Criminalising Sexual Violence in Armed Conflict: The Libya Story

June 2013
By Diana Philip

The government of Libya is currently in the process of adopting a bill which makes rape committed during armed conflict a war crime. This is said to be the first such endeavour in the world by a nation state and is worthy of praise. The timing of the announcement of such a bill could not be more promising. The United Nations Security Council (UNSC) on 24th June 2013 passed a legally binding resolution calling upon state parties to enact laws to prosecute acts of sexual violence in armed conflict. Hence, such domestic legislation will not only act as a case in point to all those transitional governments recovering from conflict, but most importantly, this gesture by the Libyan government serves as a beacon of light to the international community which is striving to end such acts of violence.
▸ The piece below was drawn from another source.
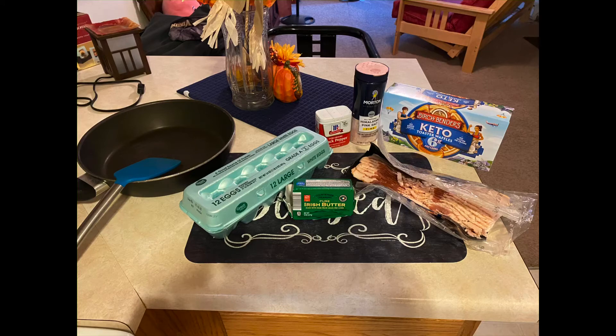Hi everyone, back with a super easy keto breakfast idea — a keto breakfast sandwich with waffles.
The conflict in Libya began in February 2011 through an armed uprising similar to those in Tunisia and Egypt and witnessed several cases of sexual violence. However, there is no exact data on the number of such cases which is estimated to be in the thousands. This is because stigma attached to rape and acts of sexual violence in Libya results in the lack of reporting. There is also the possible issue of endangering the lives of victims when such atrocities are reported.  If the Libyan bill, which will be put to vote a few weeks from now, is adopted it will send a strong message that rape will no longer be considered as an unfortunate consequence of war. There will be no impunity for perpetrators of such crimes and the victims of violence will not be further victimised.

Rape is often used as a deliberate act to spread terror, destroy communities and alter the ethnic composition in a region during armed conflict. For example during the Rwandan Genocide, systematic rapes were carried out in order to ensure that the minority Tutsi women bore Hutu children. This was the case in Darfur, Sudan as well as the Democratic Republic of Congo (DRC), where rape was used as a weapon of war. There are long term consequences of sexual violence which include, stigmatization of the victims, unwanted pregnancies and transmission of diseases including HIV. Unfortunately, most post conflict nations lack sufficient resources to provide even the most basic healthcare to cater to the needs of the survivors of rape and sexual abuse. In this context, the Libya's action would only go towards strengthening the position of the vulnerable groups who suffer during armed conflict.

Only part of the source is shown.